### Records for this task
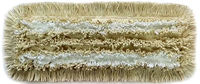 Mop plat bumbac + microfibra 40x13 cm, ureche + buzunar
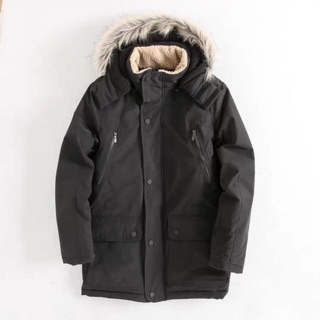 Áo khoác parka nam nữ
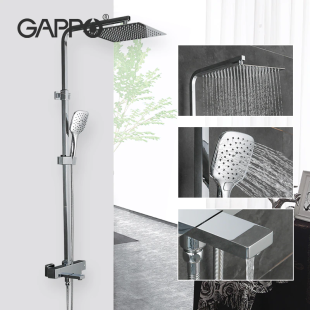 Душевая система Gappo G2418-40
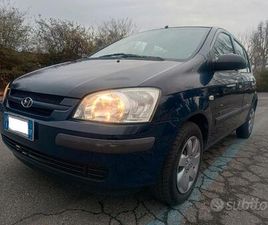 HYUNDAI GETZ 1.5 CRDI 5P 144700KM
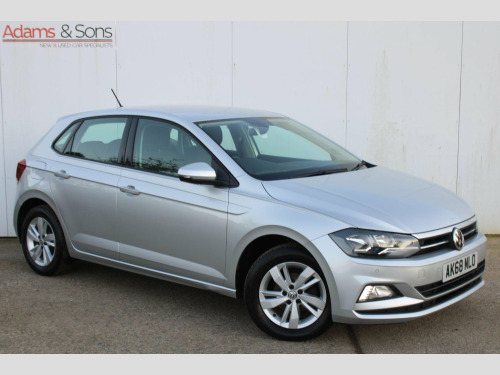 Volkswagen Polo  1.0 SE Euro 6 (s/s) 5dr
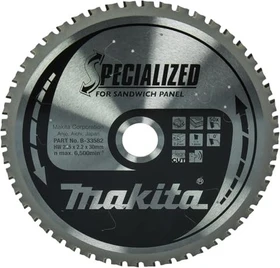 Makita Specialized Kreissägeblatt 50Z, 235x2.2x30mm, 1 Stück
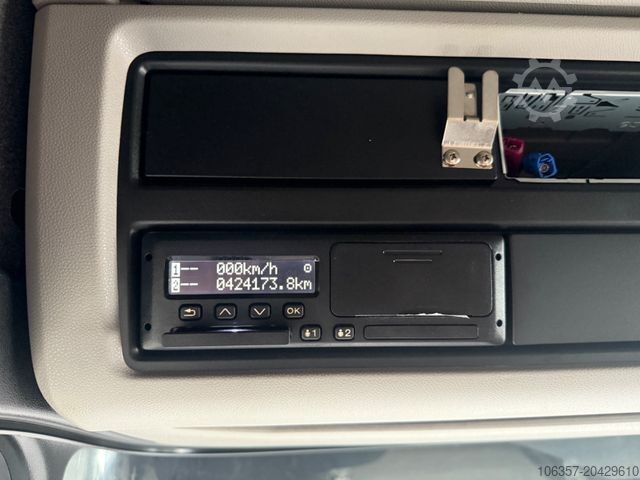 Standard tractor unit SCANIA R540 Retarder Vollluft Standklima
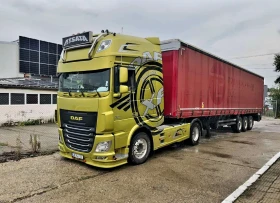 Обява за продажба на Daf XF 105 510 ~35 998 EUR - изображение 1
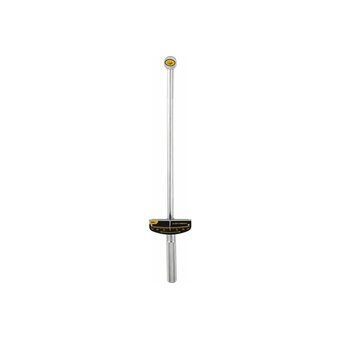  Ключ динамометрический DELI DL300 (104459) 0-300нм, 1/2", длина 480мм 
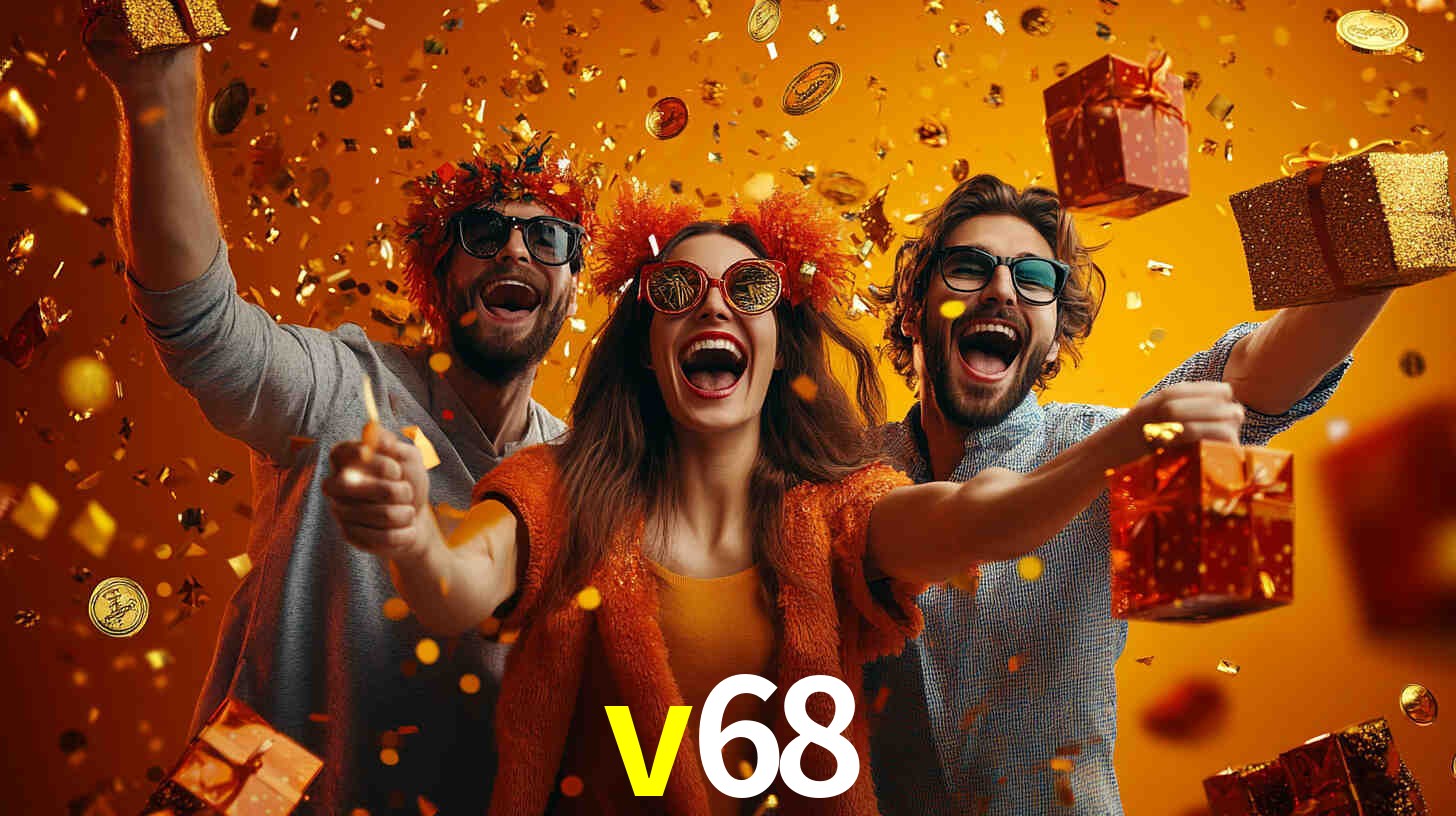 v68 - Cassino Online De Alto Nível App - v68.com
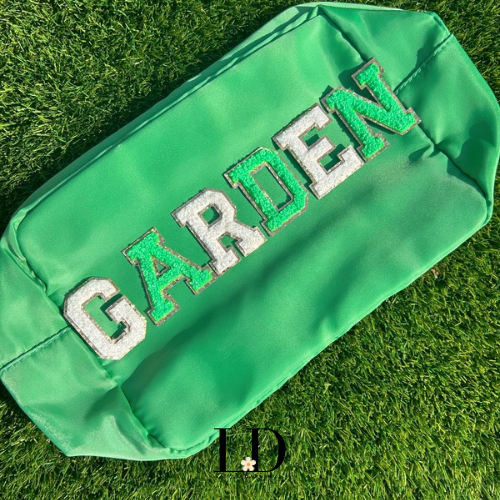 Large Green Pouch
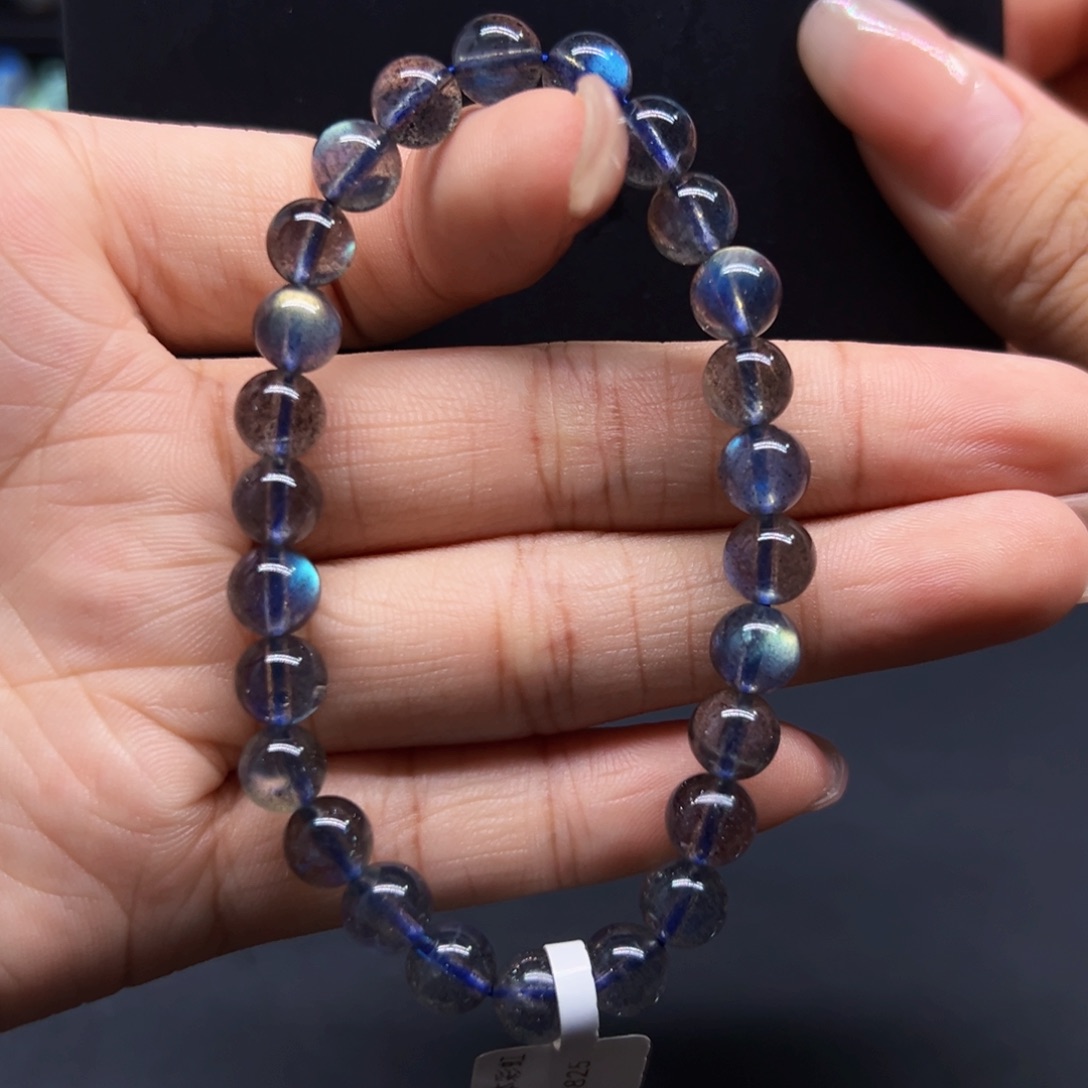 手链未镶嵌长石s****17.1m左右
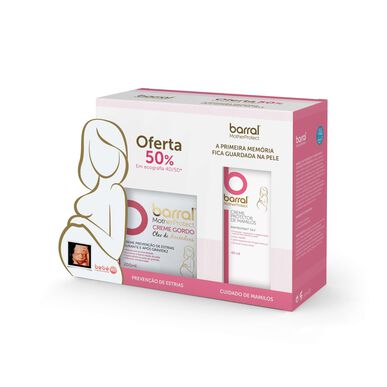 Barral Raskausarpia ehkäisevä voide Nännisuoja 50ml 200ml 40ml 200ml 40ml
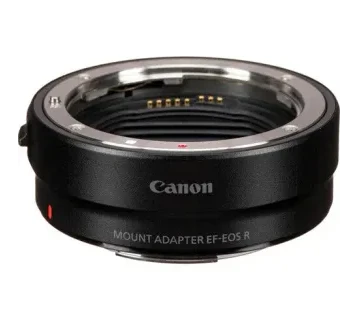   محول تركيب Canon EF-EOS R للإيجار | استأجر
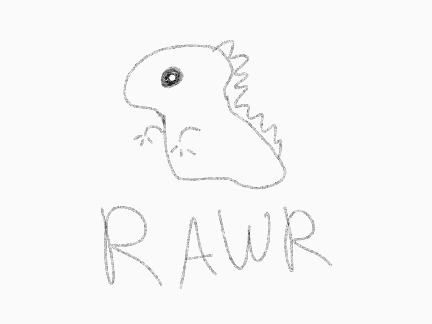 Untitled dino 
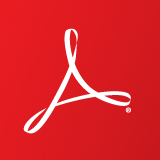 Logotipo do Adobe Reader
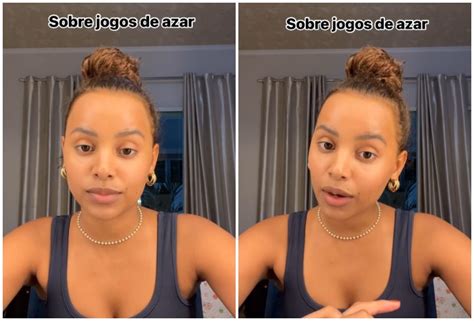 Gleici Damasceno Critica Influencers Que Divulgam Jogos De Azar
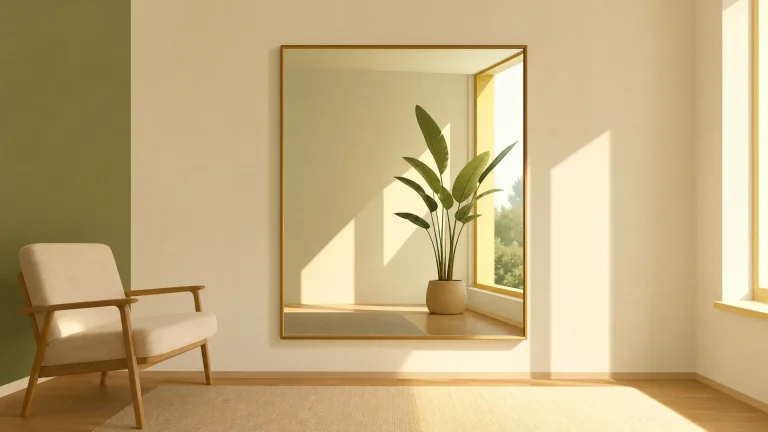 Mirror Placement in Small Rooms: Make Your Space Feel Bigger and Brighter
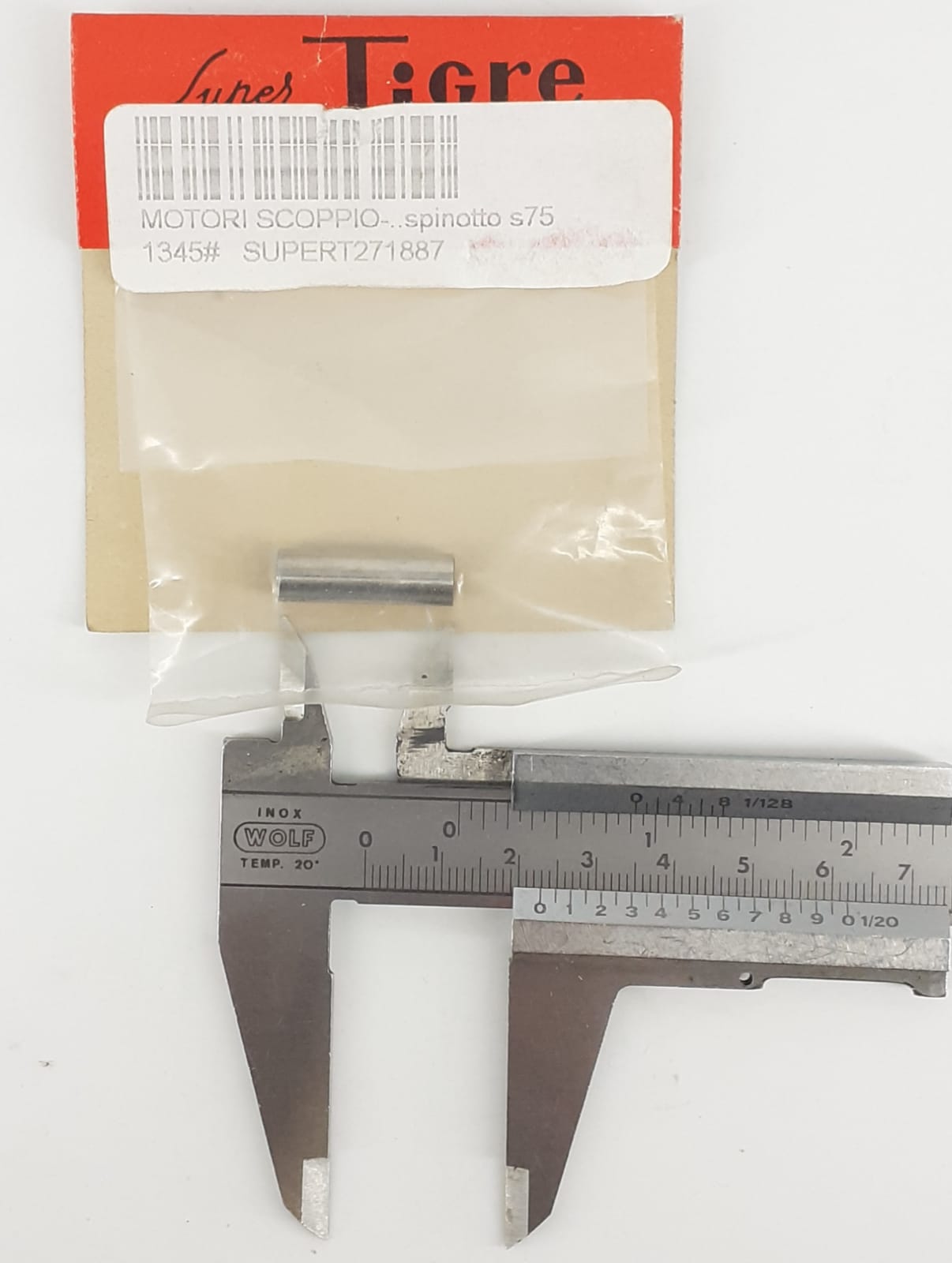 rondella trascinatore elica g21-g51 Supertigre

### Work instruction
Here the job is to quote the lines from the one with "Áo khoác parka nam nữ" through the end of the material, both included, exactly; please skip the pictures.

### Expected answer
 Áo khoác parka nam nữ
 Душевая система Gappo G2418-40
 HYUNDAI GETZ 1.5 CRDI 5P 144700KM
 Volkswagen Polo  1.0 SE Euro 6 (s/s) 5dr
 Makita Specialized Kreissägeblatt 50Z, 235x2.2x30mm, 1 Stück
 Standard tractor unit SCANIA R540 Retarder Vollluft Standklima
 Обява за продажба на Daf XF 105 510 ~35 998 EUR - изображение 1
  Ключ динамометрический DELI DL300 (104459) 0-300нм, 1/2", длина 480мм 
 v68 - Cassino Online De Alto Nível App - v68.com
 Large Green Pouch
 手链未镶嵌长石s****17.1m左右
 Barral Raskausarpia ehkäisevä voide Nännisuoja 50ml 200ml 40ml 200ml 40ml
   محول تركيب Canon EF-EOS R للإيجار | استأجر
 Untitled dino 
 Logotipo do Adobe Reader
 Gleici Damasceno Critica Influencers Que Divulgam Jogos De Azar
 Mirror Placement in Small Rooms: Make Your Space Feel Bigger and Brighter
 rondella trascinatore elica g21-g51 Supertigre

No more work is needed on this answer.